I first encountered the book as an unpublished manuscript (which was completed over 15 years ago) when I was doing research into the history of the Fourth Amendment. I kept seeing it cited in articles and judicial opinions (it was cited by the U.S. Supreme Court a few times) and so I tracked it down. I couldn’t believe that this detailed, exhaustive, and immensely valuable research had never been published. William Cuddihy wrote it while a doctoral student under the late eminent legal historian Leonard Levy. I contacted Cuddihy and helped him find a publisher.

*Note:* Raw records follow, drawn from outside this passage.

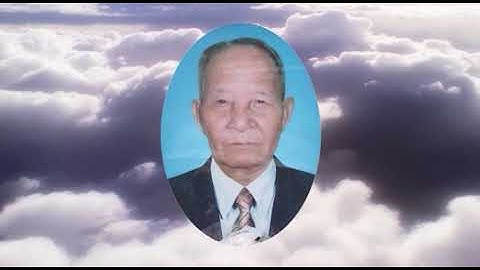 Tuần Lâm Tứ Cửu Chân linh cụ ông Phạm Văn Lai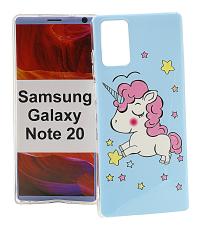 billigamobilskydd.se TPU-Designkotelo Samsung Galaxy Note 20 5G (N981B/DS)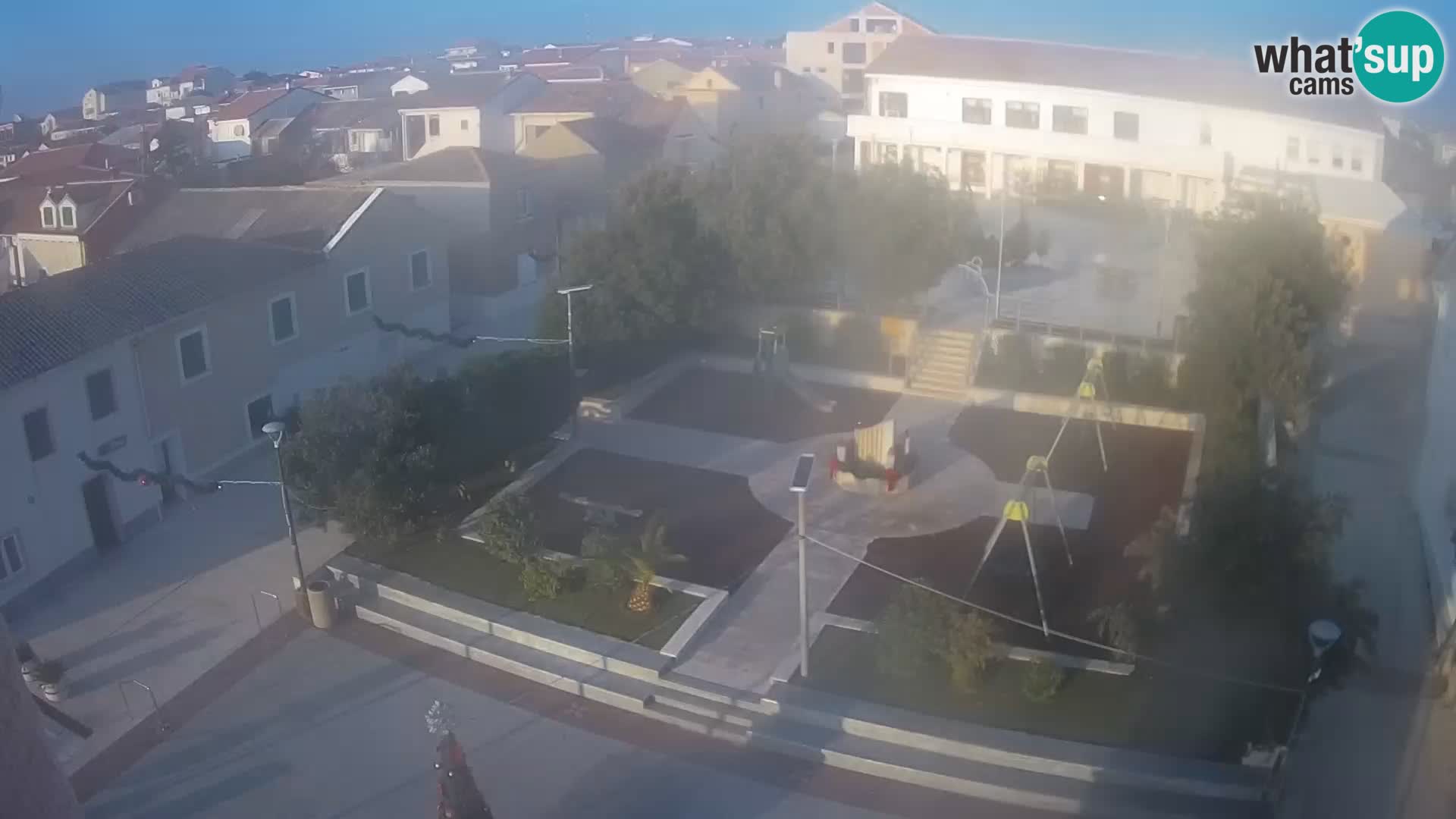 Livecam Povljana – Pag island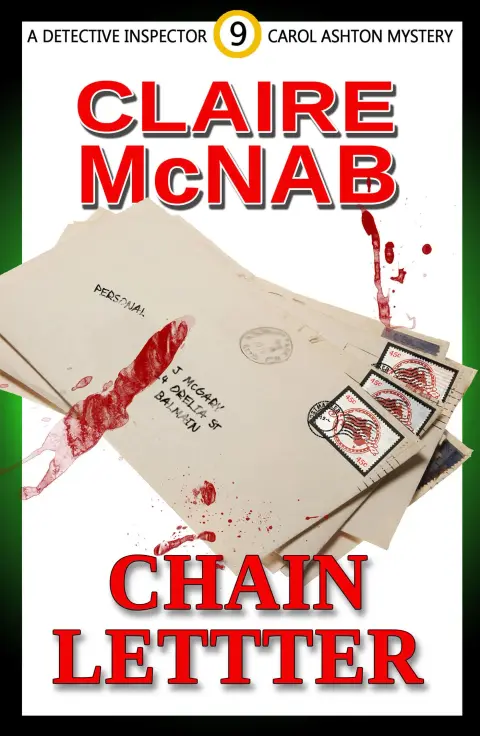 Cover of Chain Letter
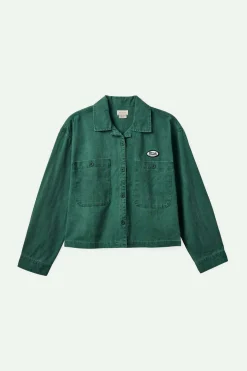 Utopia L/S Overshirt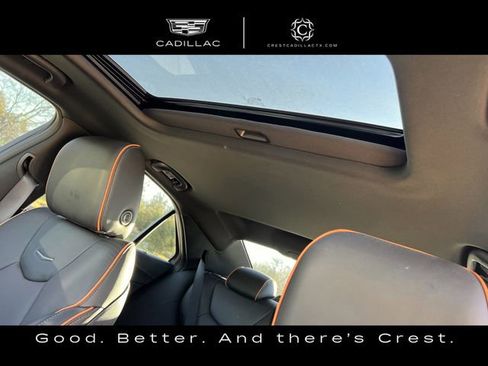 Used 2023 Cadillac CT4 Sport w/ Climate Package image 22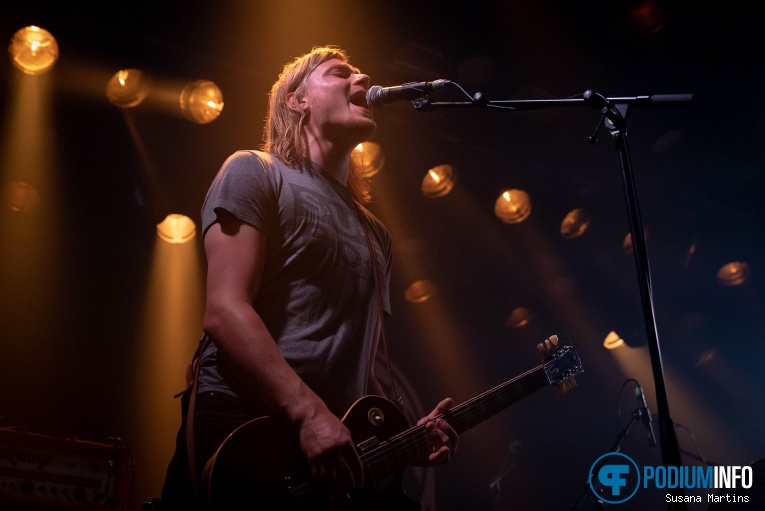 Witch op Witch - 10/08 - Melkweg foto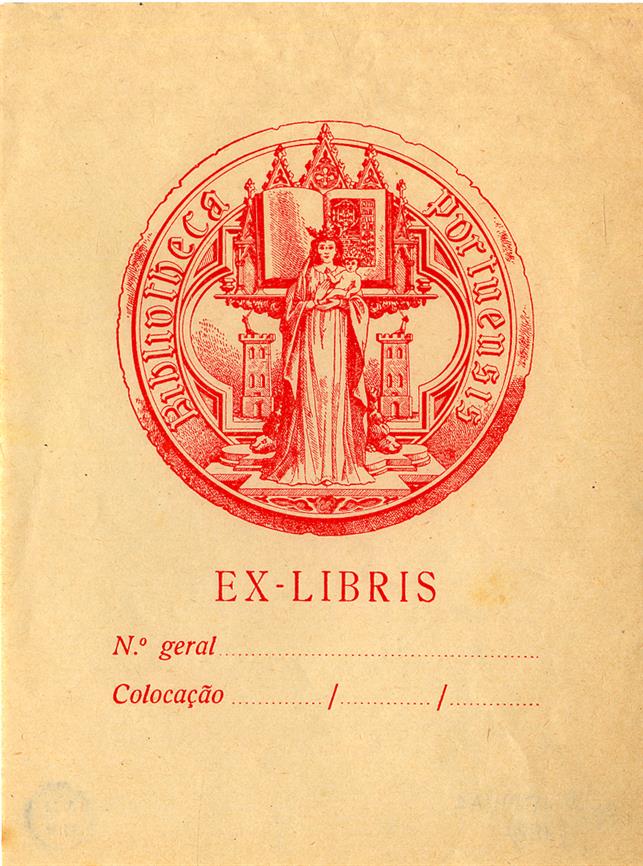 Ex-libris : Bibliotheca Portuensis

And so I’m delighted that the manuscript is now in print, revised, updated, and with an afterward that responds to scholarship by Akhil Amar and Thomas Davies. I wrote a short preface for the book, in which I conclude:

No other work on the Fourth Amendment has synthesized so many sources, let alone done so as deftly and clearly as Professor Cuddihy’s The Fourth Amendment: Origins and Original Meaning 602-1791. I am very honored to introduce it.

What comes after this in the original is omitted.